[Opening EXTRACTED MATERIAL section]

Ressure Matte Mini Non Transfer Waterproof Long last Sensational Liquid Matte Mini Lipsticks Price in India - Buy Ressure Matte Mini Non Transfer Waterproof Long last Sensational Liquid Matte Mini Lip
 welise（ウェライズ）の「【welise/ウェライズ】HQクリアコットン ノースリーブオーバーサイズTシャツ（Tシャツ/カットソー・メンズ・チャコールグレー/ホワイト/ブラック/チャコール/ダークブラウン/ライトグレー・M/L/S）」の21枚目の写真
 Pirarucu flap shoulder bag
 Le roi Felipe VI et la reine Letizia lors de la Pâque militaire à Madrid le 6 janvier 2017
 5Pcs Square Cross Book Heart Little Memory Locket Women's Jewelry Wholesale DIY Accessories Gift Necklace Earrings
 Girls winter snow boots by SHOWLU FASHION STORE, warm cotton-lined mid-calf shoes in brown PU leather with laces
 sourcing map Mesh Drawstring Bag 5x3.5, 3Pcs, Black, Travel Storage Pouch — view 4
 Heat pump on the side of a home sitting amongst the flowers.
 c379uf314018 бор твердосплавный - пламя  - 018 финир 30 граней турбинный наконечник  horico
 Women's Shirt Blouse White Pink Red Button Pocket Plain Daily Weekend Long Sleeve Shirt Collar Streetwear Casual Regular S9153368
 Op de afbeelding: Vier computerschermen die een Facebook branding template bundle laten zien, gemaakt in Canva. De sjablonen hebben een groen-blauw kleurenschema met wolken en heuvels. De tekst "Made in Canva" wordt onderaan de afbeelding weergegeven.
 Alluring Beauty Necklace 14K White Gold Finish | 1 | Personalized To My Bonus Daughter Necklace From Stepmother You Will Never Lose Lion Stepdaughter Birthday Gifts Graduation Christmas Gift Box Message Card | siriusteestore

[Closing EXTRACTED MATERIAL section]

Write out each entry once more, exactly as it was given.

WRITTEN SOLUTION:
Ressure Matte Mini Non Transfer Waterproof Long last Sensational Liquid Matte Mini Lipsticks Price in India - Buy Ressure Matte Mini Non Transfer Waterproof Long last Sensational Liquid Matte Mini Lip
 welise（ウェライズ）の「【welise/ウェライズ】HQクリアコットン ノースリーブオーバーサイズTシャツ（Tシャツ/カットソー・メンズ・チャコールグレー/ホワイト/ブラック/チャコール/ダークブラウン/ライトグレー・M/L/S）」の21枚目の写真
 Pirarucu flap shoulder bag
 Le roi Felipe VI et la reine Letizia lors de la Pâque militaire à Madrid le 6 janvier 2017
 5Pcs Square Cross Book Heart Little Memory Locket Women's Jewelry Wholesale DIY Accessories Gift Necklace Earrings
 Girls winter snow boots by SHOWLU FASHION STORE, warm cotton-lined mid-calf shoes in brown PU leather with laces
 sourcing map Mesh Drawstring Bag 5x3.5, 3Pcs, Black, Travel Storage Pouch — view 4
 Heat pump on the side of a home sitting amongst the flowers.
 c379uf314018 бор твердосплавный - пламя  - 018 финир 30 граней турбинный наконечник  horico
 Women's Shirt Blouse White Pink Red Button Pocket Plain Daily Weekend Long Sleeve Shirt Collar Streetwear Casual Regular S9153368
 Op de afbeelding: Vier computerschermen die een Facebook branding template bundle laten zien, gemaakt in Canva. De sjablonen hebben een groen-blauw kleurenschema met wolken en heuvels. De tekst "Made in Canva" wordt onderaan de afbeelding weergegeven.
 Alluring Beauty Necklace 14K White Gold Finish | 1 | Personalized To My Bonus Daughter Necklace From Stepmother You Will Never Lose Lion Stepdaughter Birthday Gifts Graduation Christmas Gift Box Message Card | siriusteestore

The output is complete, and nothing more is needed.